Warwick is world away from Hong Kong, where Josephine grew up, but she says she loves the adventure of working in the rural town.
“It’s more relaxing, because you’re away from the city and away from high rise buildings,” she says. “I really enjoy being out there doing physical stuff, instead of sitting at a desk. I love getting to see the sunset.”
It’s understandable why Josephine would be drawn to the more relaxed pace, in contrast to the busy schedule that fills the rest of her time. In addition to her engineering studies, she also studies psychology and criminology as part of her Arts degree.
Although she chose these topics for personal interest, she says her psychology studies have helped her to improve her communication skills, especially in a professional setting.
“Sometimes when I’m communicating with my colleagues or bosses, I get a bit nervous,” she says. “Doing social psychology has definitely helped me know how to shape what I’m going to say.”
Outside of studying, Josephine keeps busy coaching badminton at her old high school, and is a keen photographer.
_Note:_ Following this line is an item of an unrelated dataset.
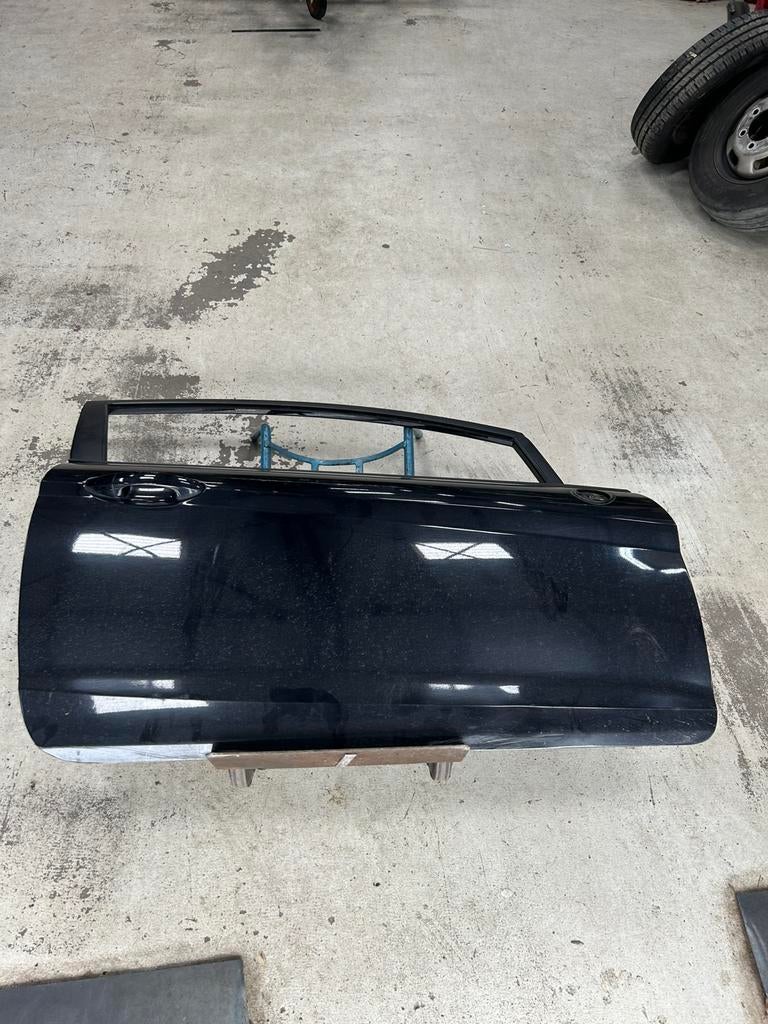 Ford Fiesta 6 rechter voorportier 3-deurs panther zwart, Ophalen, Voor, Ford, Deur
She also volunteers as a mentor for UQ Mates and O’ to 4, and is a student ambassador for the Faculty of Engineering, Architecture and Information Technology.
“I was really nervous and anxious when I started uni,” she says, “but the opportunities UQ has given me – as an ambassador, talking to people, and working on the solar farm project – have definitely improved my confidence and interpersonal skills.”
Josephine’s communication skills have grown so much that Mey Orchard, Project Coordinator – Mentoring, selected her to work on the UQ Mentoring booth at UQ’s Volunteering Expo in July.
“She was excellent at engaging and speaking with students,” Mey says. “Mentoring provides a great opportunity for students to build their leadership and organisation skills, as well as giving back and helping other students.”
Things don’t look like slowing down any time soon for Josephine, who is exploring other placement options that will help her decide what field she wants to work in.
She says it’s practical experiences like these that have helped her to develop beyond what she learns in the classroom.
“I’m realising my inner potential on how I can perform in real life.”